В это время появились гости второго стола. Восемь человек тихо расселись с двух его сторон, около них возникла целая армия официантов. Я где-то читал, что на больших приемах за рубежом каждого гостя обслуживает свой кельнер, возвышающийся за спиной. Что-то похожее изобразилось за вторым столом. А стол поклонников Смирнова обслуживали два или три официанта, они явно не справлялись со своими обязанностями. Зато им помогали велеречивые тосты — длинные, как эстрадные новеллы. Во время тостов все только слушали, прекращая есть и пить, — это давало возможность официантам сменить блюда и наполнить бокалы.
Наш стол, длинный, двадцатиместный, гремел аплодисментами, оглашался приветственными криками, разражался радостным смехом, чуть ли не пел. А за вторым столом стояло молчание, там деловито вкушали и пили, тостов не произносили, а если и разговаривали, то даже ко мне, сидевшему к ним всех ближе, не доносилось ни одного отчетливого слова.
Зато официанты, сновавшие у второго стола, несравненно внимательней прислушивались к любому звуку оттуда и куда поспешней реагировали на каждое движение обедавших. У меня постепенно создавалось впечатление, что он, маленький, деловой, а не праздничный, для ресторанных служак был много важней нашего, многолюдного, шумно чествующего знаменитого гостя Грузии.
Тосты в честь Смирнова эстафетно обегали весь наш обширный стол, то один, то другой вставали с бокалом вина и объявляли, как они любят и почему любят замечательного писателя, столько сделавшего для памяти о героях войны, до него погибавших в безвестности, а теперь удостоенных всенародной славы. Все это было верно, конечно, да и говорилось горячо и искренно. Смирнов приподнимался, прижимал руку к груди, благодарил. А затем он сам захотел произнести тост. И к своему смущению, почти ужасу, я услышал, что он говорит обо мне. Он восхвалял меня. Он описывал, как я сидел в тюрьме и лагере во время террора Сталина и Берии, но сохранил душу, не потерял ясного ума, остался верен нашим великим идеям. И поэтому, закончил с воодушевлением Смирнов, надо выпить за этого замечательного человека, в прошлом инженера, ныне писателя.

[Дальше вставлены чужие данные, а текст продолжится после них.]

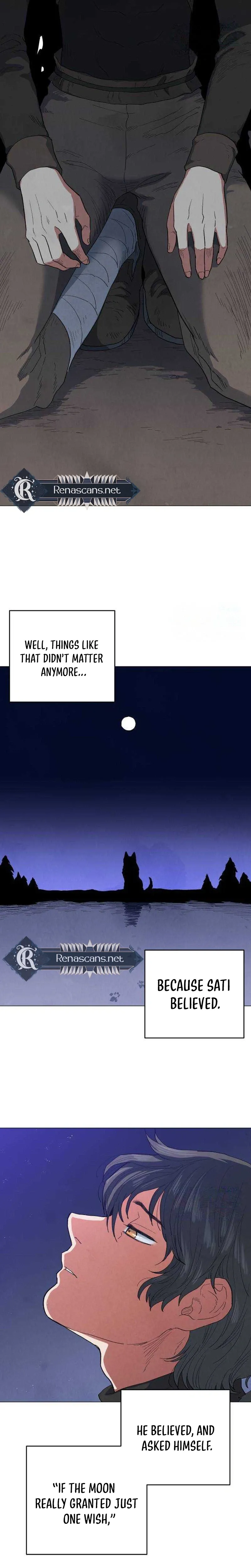 Yard for Two Chapter 47 page 17 - 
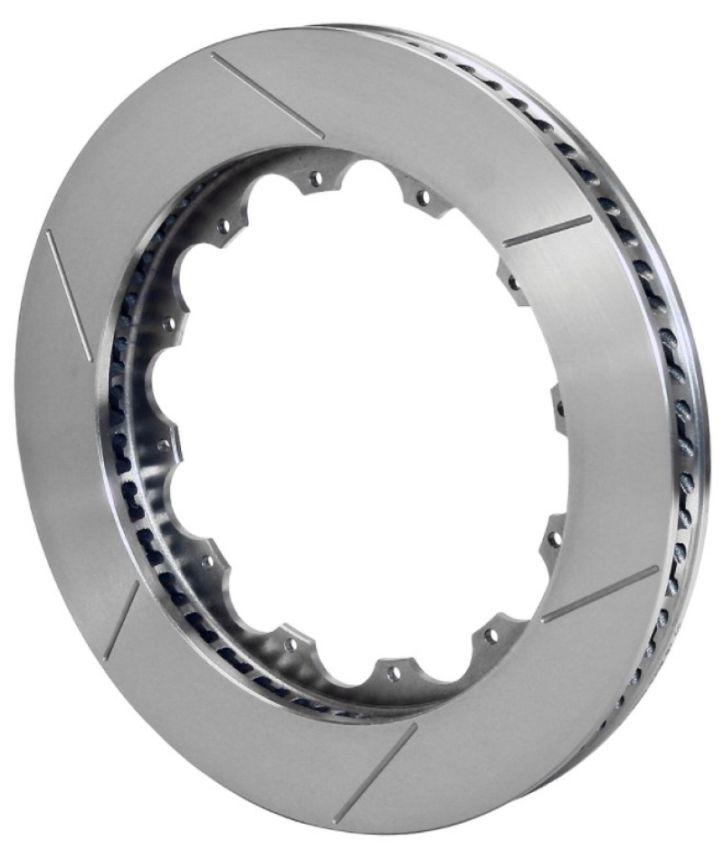 Wilwood 160-8402 Rotor-SV-GT 72 SPC-37 -RH 14.00 x 1.10 - 12 on 8.75in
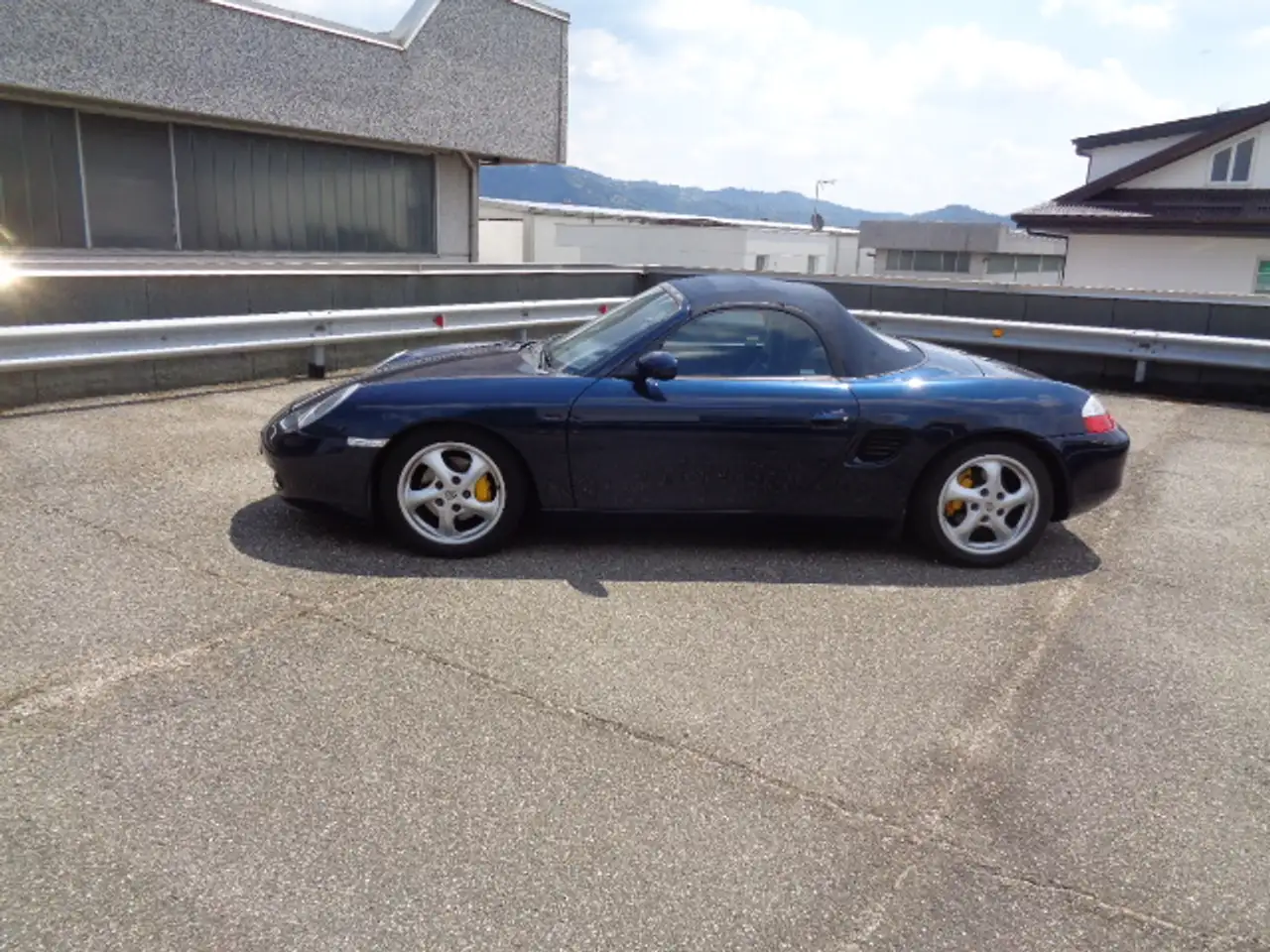 Porsche Boxster 2.5 204cv, foto 4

Грузины народ воспитанный, почитатели Смирнова были к тому же из интеллигентов, все, не вставая с мест, дружно подняли бокалы, молча пригубили из них. Я понял, что погиб. Для Грузии я больше не существовал. Еще в самом начале тоста Смирнова я сообразил, что здесь мне не простят, что я был жертвой Сталина и Берии, истинными жертвами здесь виделись сами Иосиф Виссарионович и Лаврентий Павлович.